Instructions to follow
Your copy must hold all of the data below, unchanged and without images.

Provided material
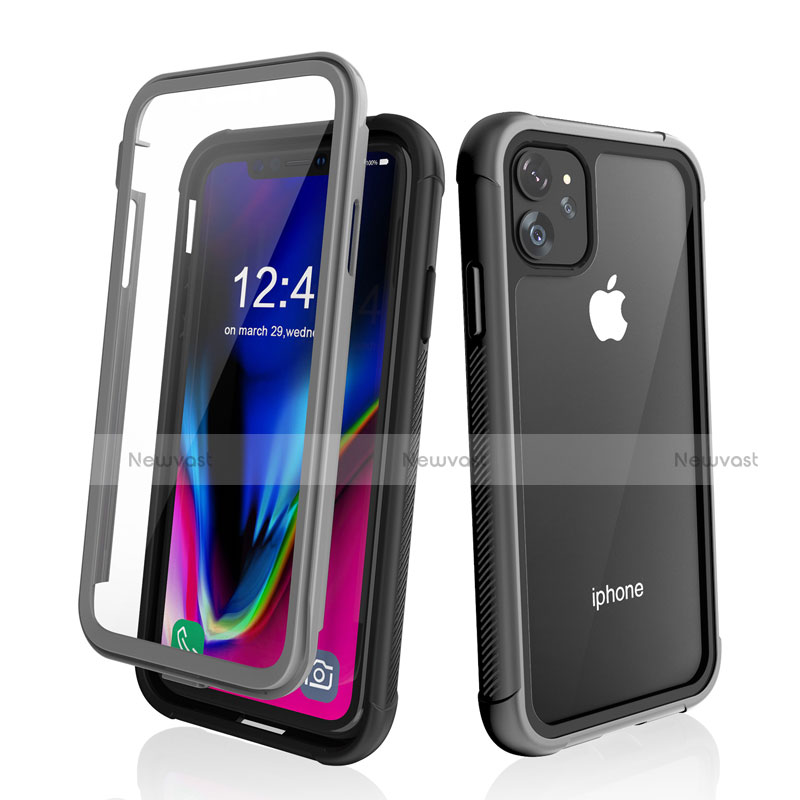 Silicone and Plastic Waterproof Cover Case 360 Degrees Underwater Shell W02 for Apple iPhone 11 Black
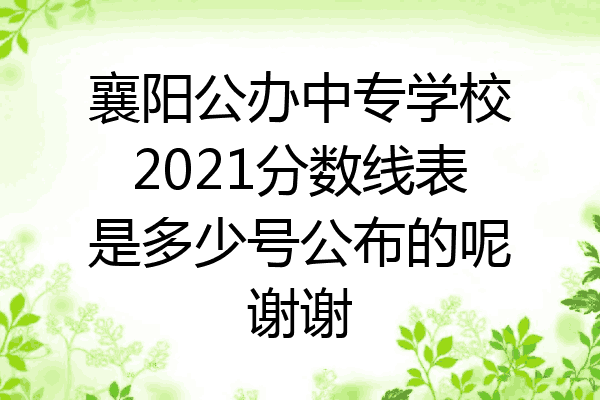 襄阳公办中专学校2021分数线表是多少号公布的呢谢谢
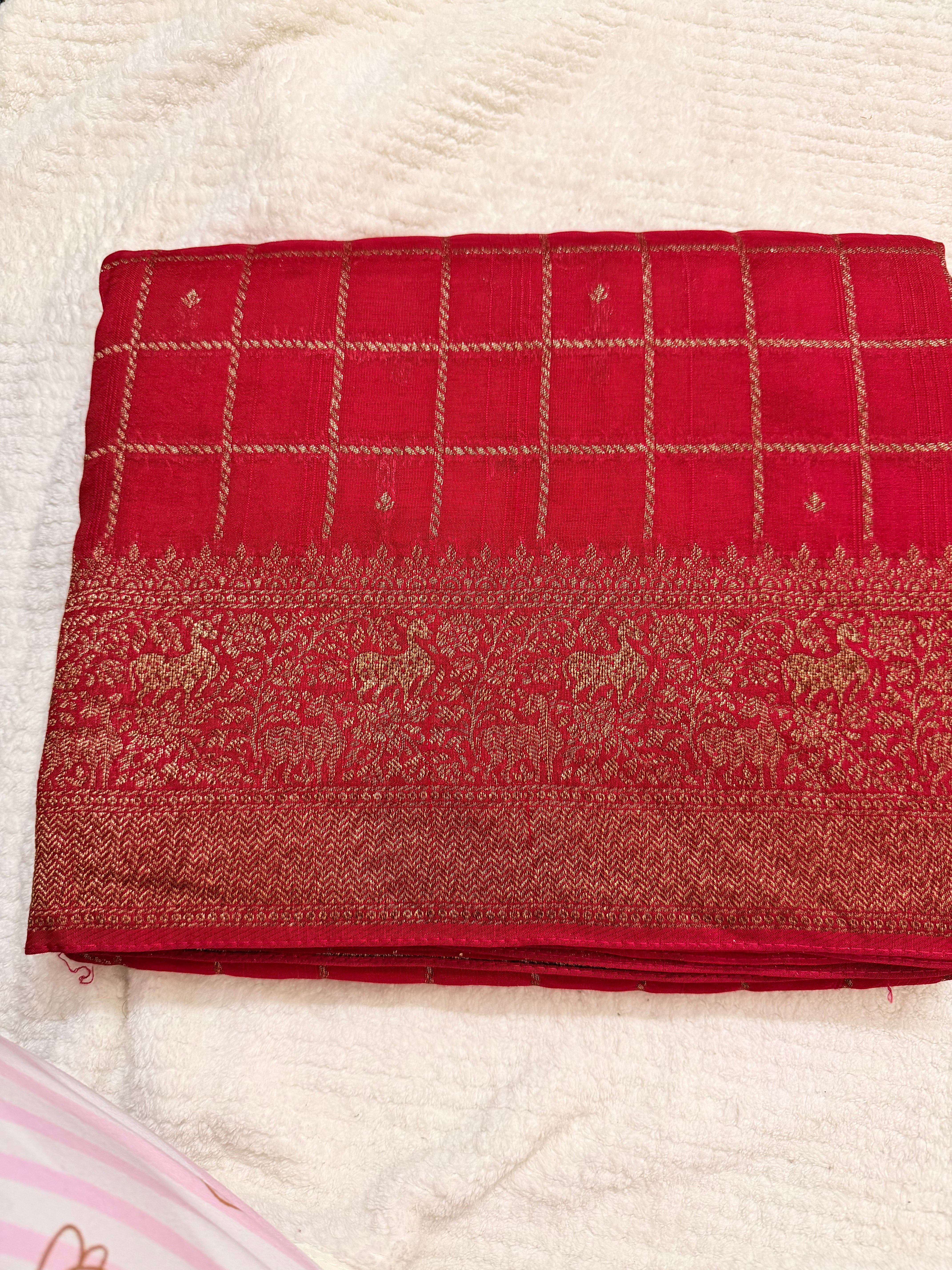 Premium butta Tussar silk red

Response
 Silicone and Plastic Waterproof Cover Case 360 Degrees Underwater Shell W02 for Apple iPhone 11 Black
 襄阳公办中专学校2021分数线表是多少号公布的呢谢谢
 Premium butta Tussar silk red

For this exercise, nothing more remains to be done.